The mods for the power winch are working very well, makes loading a breeze- mostly.

Reactions: Like 8 | EyeCandy! 1 | Way Cool 1


----------



## woodtickgreg (Oct 27, 2015)

Great looking log and the pvc was a smart idea too! I would try and get that log rolled so that the small branch is on the top and the 2 big branches are side by side so you might get some crotch figure. The bottom of the log is going to give you some nice straight grained lumber anyways.

Reactions: Thank You! 1


----------



## Kevin (Oct 27, 2015)

Get-R-Done!

Reactions: Thank You! 1


----------



## West River WoodWorks (Oct 28, 2015)

woodtickgreg said:


> Great looking log and the pvc was a smart idea too! I would try and get that log rolled so that the small branch is on the top and the 2 big branches are side by side so you might get some crotch figure. The bottom of the log is going to give you some nice straight grained lumber anyways.

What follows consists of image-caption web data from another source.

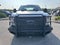 2021 Ford Super Duty F-350 DRW Pickup XL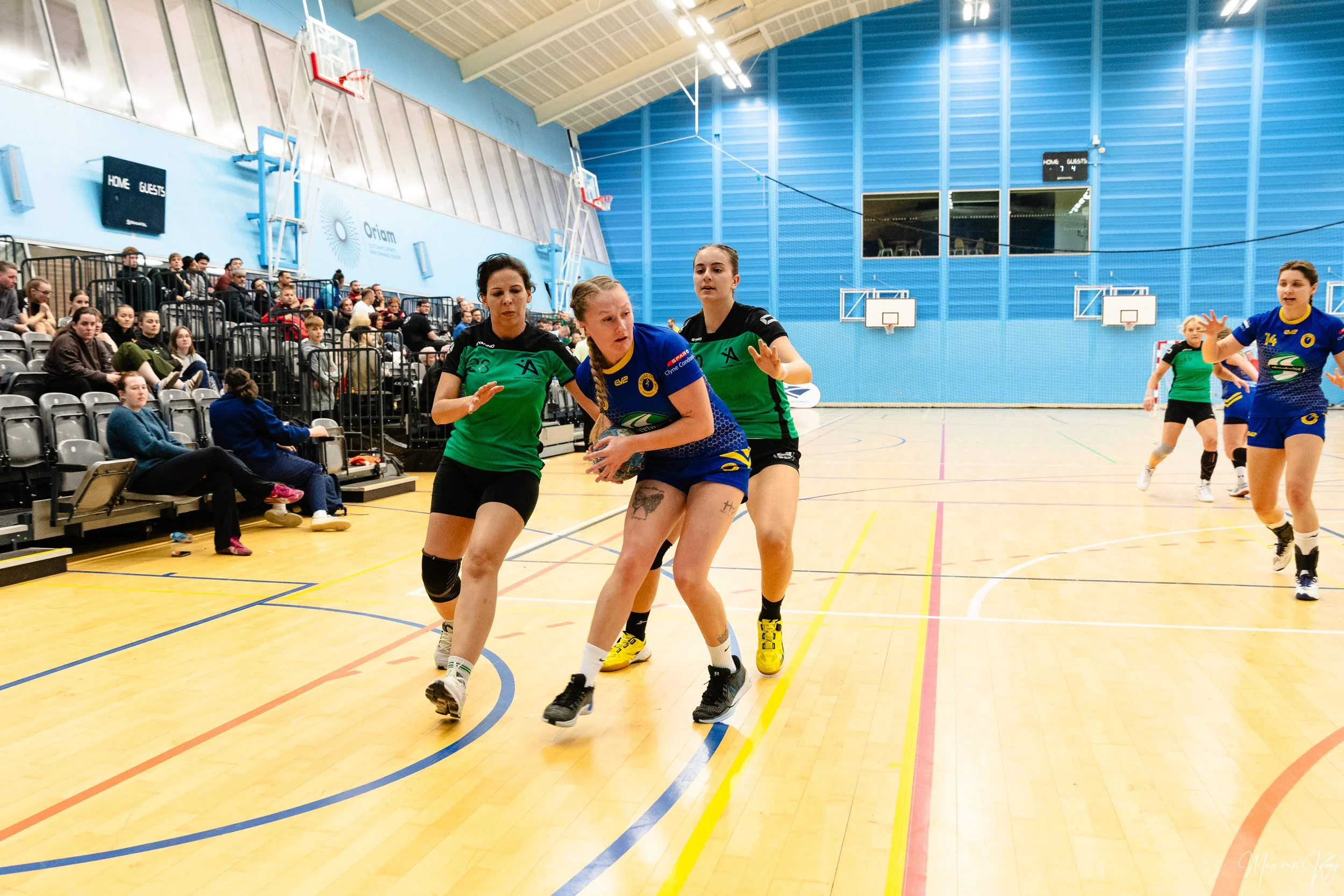 Celtic Cup 2026 Qualifier-615.jpg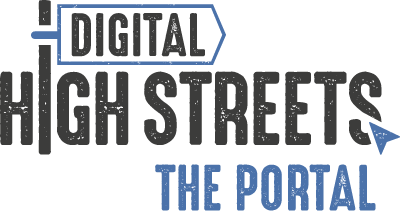 Your Town Portal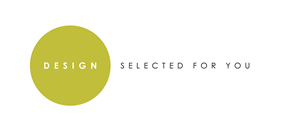 Logo and Business Card Design by Marta Sobczak 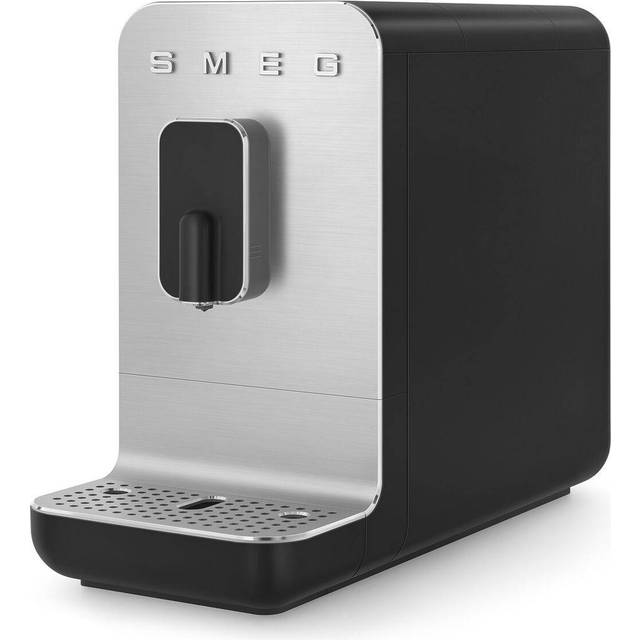 Smeg BCC01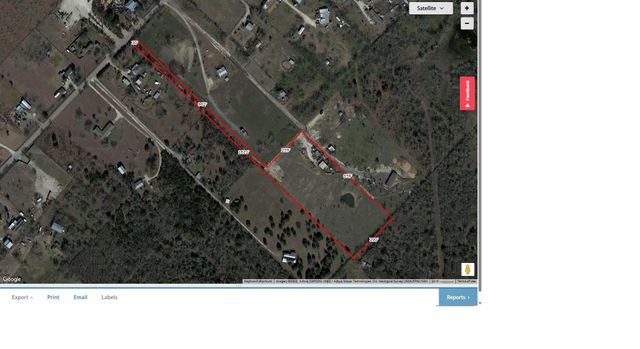 11717 Schriber RD B, Buda, TX 78610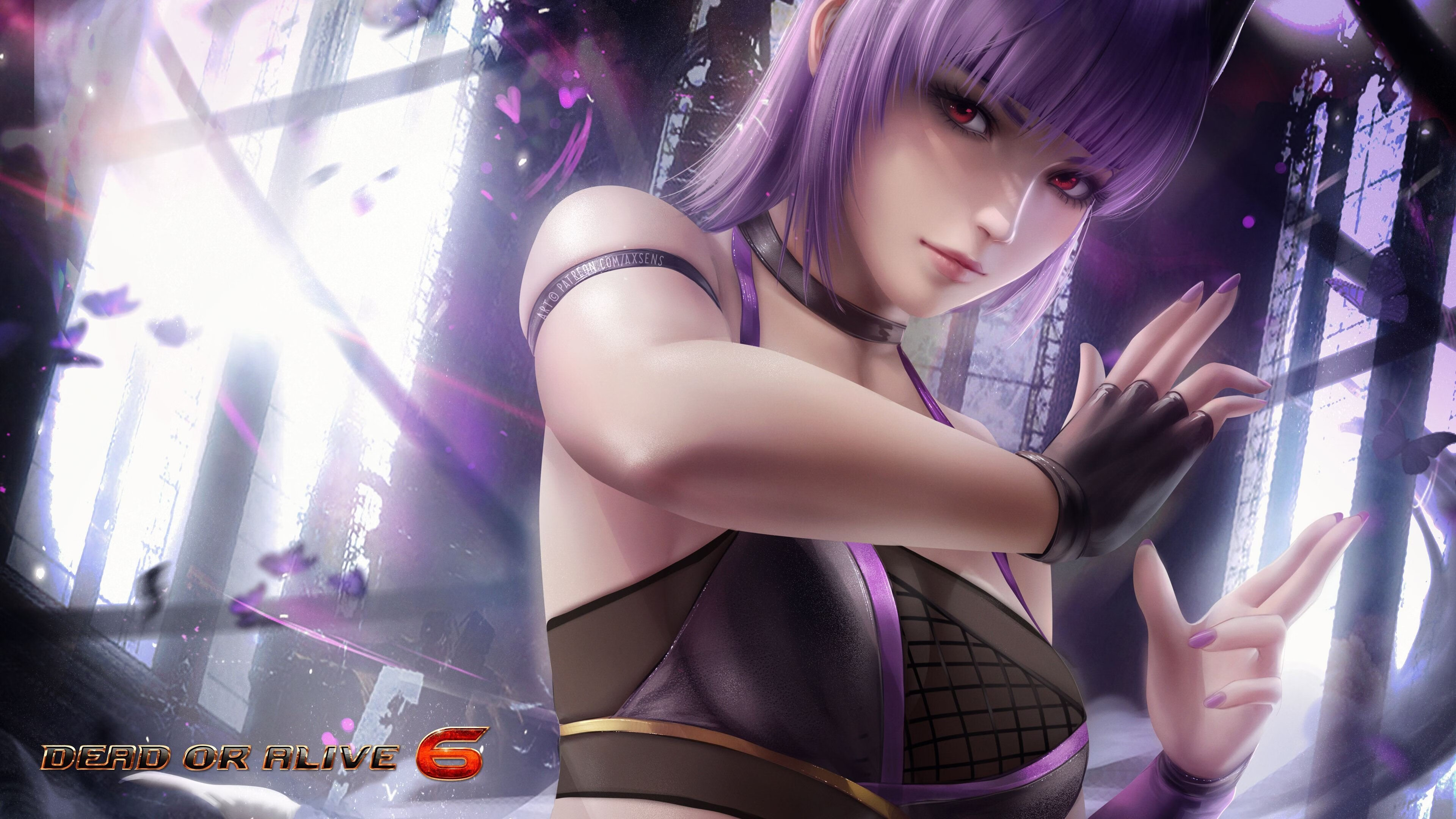 欧洲杯佼佼者:变阵、突破,亮点纷呈!,欧洲杯阵出炉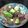 亜久里's cooksnap of when they made 混ぜるだけで栄養満点◎鮪のアボカド和え♪.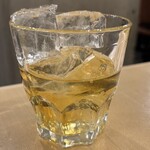 居酒屋 さいちゃん - 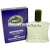 Brut-Oceans-parfum-EDT-100ml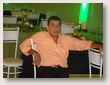 -Clique na foto para ampliar-
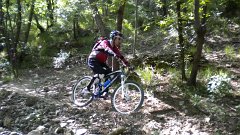 DSCN1171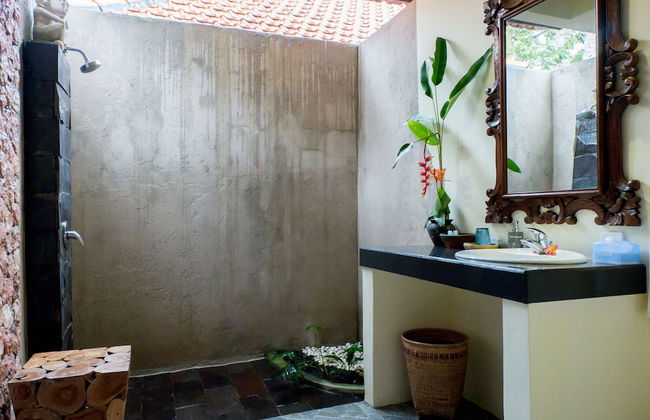 Dana's Place Private Villa - Photo 24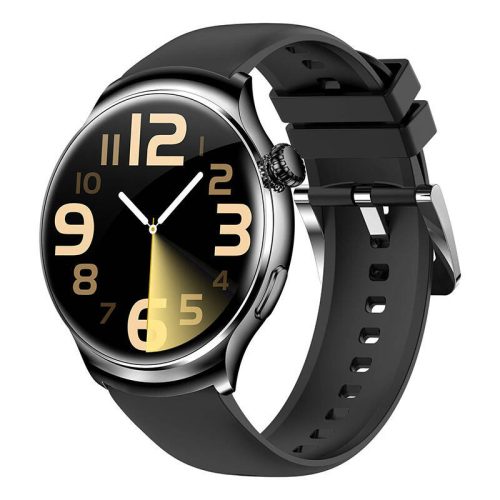 Smartwatch BlitzWolf BW-AT4 (black)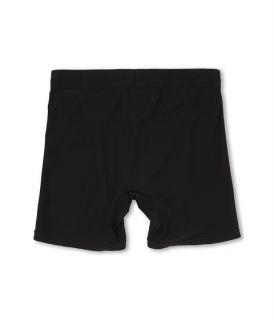 Calvin Klein Underwear ck Black Boxer Brief U1752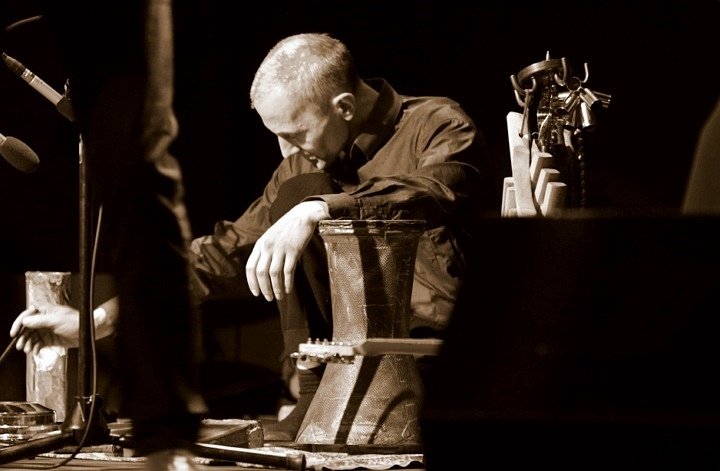 Koncert Stanisława Soyki zdjęcie nr 44326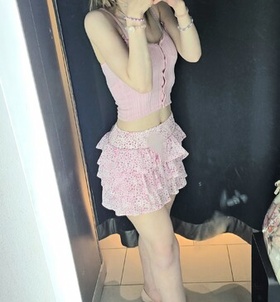 AngelEllie (23 éves) - Telefon: +36 30 / 448-7184 - Budapest, X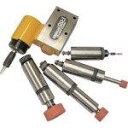 GU1SUHT GU-1 フルセット(スピンドル1〜4+本体セット)5370086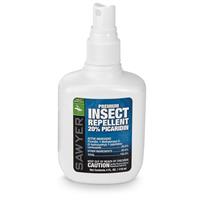 Sawyer Picaridin Insect Repellent, 4 oz. - 653372, Yard & Garden at ...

I completely agree, thanks!
Tom

Reactions: Like 1


----------



## David Van Asperen (Oct 29, 2015)

simple is sometimes the most effective. No plan B needed
Dave

Reactions: Agree 2


----------



## Nature Man (Oct 30, 2015)

Great looking log! I'm drooling! Chuck


----------



## West River WoodWorks (Oct 30, 2015)

Nature Man said:


> Great looking log! I'm drooling! Chuck



I will hopefully get some pictures of it milled up sometime this weekend.


----------



## justallan (Nov 1, 2015)

That's doing a job with what you have. I know folks that will drive 40 miles out of their way to bring a tractor, then have to take the tractor back, all for what you can do with very minimal tools in a short amount of time. Great job and a nice looking log.

Reactions: Thank You! 1


----------